= Worlds Beyond (magazine) =

American digest magazine of science fiction and fantasy fiction

Worlds Beyond was an American digest magazine of science fiction and fantasy fiction in 1950 and 1951. The magazine only issued three monthly issues, from December 1950 to February 1951, but is notable for having printed stories by Cyril M. Kornbluth, Jack Vance, Mack Reynolds, Graham Greene, John Christopher, Lester del Rey, Judith Merril, William Tenn and others.

Worlds Beyond was published by Hillman Periodicals and was edited by Damon Knight. The cover price was 25 cents and each edition had 128 pages.
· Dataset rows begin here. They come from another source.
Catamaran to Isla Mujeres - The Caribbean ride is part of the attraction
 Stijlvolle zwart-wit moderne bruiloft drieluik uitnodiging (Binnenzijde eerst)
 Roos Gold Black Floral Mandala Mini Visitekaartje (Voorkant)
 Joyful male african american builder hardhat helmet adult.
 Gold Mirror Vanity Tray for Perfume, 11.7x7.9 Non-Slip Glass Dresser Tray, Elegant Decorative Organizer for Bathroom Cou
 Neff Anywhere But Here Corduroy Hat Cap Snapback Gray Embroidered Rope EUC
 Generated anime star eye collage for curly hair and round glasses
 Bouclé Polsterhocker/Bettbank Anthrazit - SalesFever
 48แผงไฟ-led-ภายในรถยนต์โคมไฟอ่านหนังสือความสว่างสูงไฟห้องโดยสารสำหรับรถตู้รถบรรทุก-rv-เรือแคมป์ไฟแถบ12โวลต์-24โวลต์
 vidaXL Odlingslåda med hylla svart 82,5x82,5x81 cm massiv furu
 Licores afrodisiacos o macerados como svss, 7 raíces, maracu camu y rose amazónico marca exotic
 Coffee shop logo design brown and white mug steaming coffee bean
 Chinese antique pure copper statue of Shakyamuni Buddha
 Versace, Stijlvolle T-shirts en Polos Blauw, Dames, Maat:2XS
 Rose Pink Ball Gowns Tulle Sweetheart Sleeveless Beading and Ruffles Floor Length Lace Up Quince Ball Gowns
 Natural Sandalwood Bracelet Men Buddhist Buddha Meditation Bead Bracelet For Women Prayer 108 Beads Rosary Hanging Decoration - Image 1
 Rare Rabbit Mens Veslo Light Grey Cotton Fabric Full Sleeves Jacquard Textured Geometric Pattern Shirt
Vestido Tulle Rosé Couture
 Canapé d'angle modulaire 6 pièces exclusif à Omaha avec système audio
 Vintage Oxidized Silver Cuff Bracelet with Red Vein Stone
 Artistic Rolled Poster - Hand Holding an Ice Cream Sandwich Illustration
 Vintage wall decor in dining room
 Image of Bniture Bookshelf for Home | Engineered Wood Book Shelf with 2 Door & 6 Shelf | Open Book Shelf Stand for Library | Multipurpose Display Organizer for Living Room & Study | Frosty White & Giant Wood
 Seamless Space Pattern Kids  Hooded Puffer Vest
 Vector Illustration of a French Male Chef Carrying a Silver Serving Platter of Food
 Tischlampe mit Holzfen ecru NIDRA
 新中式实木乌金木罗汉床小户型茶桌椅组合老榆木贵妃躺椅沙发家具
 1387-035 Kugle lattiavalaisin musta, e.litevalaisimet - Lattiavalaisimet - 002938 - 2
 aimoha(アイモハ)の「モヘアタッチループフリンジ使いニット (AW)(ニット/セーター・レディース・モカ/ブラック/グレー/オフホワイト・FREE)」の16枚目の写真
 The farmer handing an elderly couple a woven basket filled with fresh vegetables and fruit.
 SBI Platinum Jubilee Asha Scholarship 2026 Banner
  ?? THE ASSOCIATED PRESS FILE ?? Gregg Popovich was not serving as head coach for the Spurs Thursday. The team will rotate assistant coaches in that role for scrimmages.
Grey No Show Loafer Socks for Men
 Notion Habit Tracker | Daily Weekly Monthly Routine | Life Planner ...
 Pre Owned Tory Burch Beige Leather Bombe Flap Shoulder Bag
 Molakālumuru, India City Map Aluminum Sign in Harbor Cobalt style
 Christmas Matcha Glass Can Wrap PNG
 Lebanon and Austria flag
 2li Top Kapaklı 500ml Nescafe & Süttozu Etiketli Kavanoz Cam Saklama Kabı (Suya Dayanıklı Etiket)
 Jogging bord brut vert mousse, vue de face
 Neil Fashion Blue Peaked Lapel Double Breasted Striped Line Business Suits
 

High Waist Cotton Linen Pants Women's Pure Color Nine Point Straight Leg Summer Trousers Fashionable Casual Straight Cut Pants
The first two issues of the magazine were styled Worlds Beyond Science-Fantasy Fiction. In its final issue, it was styled Worlds Beyond: A Magazine of Science-Fantasy Fiction.

== See also ==

- Rock Diver, a short story by Harry Harrison that debuted in this magazine

==Sources==
- Aldiss, Brian (1986). "Trillion Year Spree: The History of Science Fiction"
- Carter, Paul A. (1977). "The Creation of Tomorrow: Fifty Years of Magazine Science Fiction"
- Clute, John (1993). "The Encyclopedia of Science Fiction"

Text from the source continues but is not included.